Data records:
------------------------------------------------------------
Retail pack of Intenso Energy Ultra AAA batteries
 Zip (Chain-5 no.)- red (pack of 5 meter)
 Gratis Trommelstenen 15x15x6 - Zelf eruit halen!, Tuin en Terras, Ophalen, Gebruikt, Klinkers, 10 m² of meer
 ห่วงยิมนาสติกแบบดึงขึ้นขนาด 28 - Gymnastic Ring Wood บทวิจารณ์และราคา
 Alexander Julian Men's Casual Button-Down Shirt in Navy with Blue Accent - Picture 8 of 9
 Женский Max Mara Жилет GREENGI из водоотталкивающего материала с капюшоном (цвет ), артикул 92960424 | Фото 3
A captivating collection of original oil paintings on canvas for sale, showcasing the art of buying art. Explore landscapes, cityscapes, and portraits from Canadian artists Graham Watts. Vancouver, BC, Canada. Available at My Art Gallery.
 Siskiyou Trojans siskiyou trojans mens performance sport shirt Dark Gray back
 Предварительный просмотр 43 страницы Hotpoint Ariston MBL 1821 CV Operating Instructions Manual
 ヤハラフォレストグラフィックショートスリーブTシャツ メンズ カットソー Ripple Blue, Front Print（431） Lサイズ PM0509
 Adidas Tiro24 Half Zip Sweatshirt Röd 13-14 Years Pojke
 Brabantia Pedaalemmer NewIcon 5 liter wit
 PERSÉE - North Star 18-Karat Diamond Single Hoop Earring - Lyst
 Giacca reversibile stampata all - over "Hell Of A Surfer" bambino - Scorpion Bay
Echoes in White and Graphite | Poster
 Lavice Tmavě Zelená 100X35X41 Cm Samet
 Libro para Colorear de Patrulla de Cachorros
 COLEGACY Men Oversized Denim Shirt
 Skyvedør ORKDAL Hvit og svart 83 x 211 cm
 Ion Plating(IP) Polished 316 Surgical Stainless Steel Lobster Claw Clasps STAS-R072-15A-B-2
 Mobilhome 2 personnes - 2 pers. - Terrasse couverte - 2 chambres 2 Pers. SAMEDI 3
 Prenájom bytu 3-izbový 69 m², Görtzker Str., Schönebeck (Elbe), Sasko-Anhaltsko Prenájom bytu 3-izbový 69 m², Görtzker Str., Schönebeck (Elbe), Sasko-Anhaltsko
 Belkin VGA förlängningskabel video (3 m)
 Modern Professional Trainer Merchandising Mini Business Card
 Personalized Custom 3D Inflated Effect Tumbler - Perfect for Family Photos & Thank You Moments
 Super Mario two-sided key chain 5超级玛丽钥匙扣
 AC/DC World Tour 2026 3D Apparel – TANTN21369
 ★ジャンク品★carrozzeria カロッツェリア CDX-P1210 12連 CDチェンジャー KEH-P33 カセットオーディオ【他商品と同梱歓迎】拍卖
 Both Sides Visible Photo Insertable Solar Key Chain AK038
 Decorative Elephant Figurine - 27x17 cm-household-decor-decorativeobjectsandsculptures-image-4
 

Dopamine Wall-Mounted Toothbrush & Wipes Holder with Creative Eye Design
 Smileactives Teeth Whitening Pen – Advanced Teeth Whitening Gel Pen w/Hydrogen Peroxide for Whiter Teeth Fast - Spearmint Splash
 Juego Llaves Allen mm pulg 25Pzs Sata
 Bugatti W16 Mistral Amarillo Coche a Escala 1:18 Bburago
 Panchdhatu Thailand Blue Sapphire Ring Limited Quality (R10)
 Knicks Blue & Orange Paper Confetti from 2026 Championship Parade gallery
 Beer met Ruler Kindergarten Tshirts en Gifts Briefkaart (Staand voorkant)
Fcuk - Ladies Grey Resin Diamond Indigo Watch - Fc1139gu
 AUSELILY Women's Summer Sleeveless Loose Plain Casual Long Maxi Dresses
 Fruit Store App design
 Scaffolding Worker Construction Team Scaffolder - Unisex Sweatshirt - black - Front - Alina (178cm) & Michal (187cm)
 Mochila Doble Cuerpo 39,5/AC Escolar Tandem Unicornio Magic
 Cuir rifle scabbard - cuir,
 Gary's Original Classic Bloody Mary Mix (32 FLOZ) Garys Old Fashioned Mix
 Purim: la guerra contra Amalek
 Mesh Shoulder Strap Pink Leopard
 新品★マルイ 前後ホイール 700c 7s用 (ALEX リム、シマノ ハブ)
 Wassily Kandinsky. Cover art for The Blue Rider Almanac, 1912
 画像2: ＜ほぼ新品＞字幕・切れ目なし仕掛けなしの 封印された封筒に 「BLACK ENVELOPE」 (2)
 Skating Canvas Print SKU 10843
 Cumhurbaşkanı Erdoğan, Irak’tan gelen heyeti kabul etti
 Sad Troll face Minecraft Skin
------------------------------------------------------------
YOUR GOAL:
Your answer must consist solely of the lines above between the line holding "Skyvedør ORKDAL Hvit og svart 83 x 211 cm" and the line holding "(Elbe), Sasko-Anhaltsko Prenájom", inclusive, copied exactly.

COMPLETED EXERCISE:
 Skyvedør ORKDAL Hvit og svart 83 x 211 cm
 Ion Plating(IP) Polished 316 Surgical Stainless Steel Lobster Claw Clasps STAS-R072-15A-B-2
 Mobilhome 2 personnes - 2 pers. - Terrasse couverte - 2 chambres 2 Pers. SAMEDI 3
 Prenájom bytu 3-izbový 69 m², Görtzker Str., Schönebeck (Elbe), Sasko-Anhaltsko Prenájom bytu 3-izbový 69 m², Görtzker Str., Schönebeck (Elbe), Sasko-Anhaltsko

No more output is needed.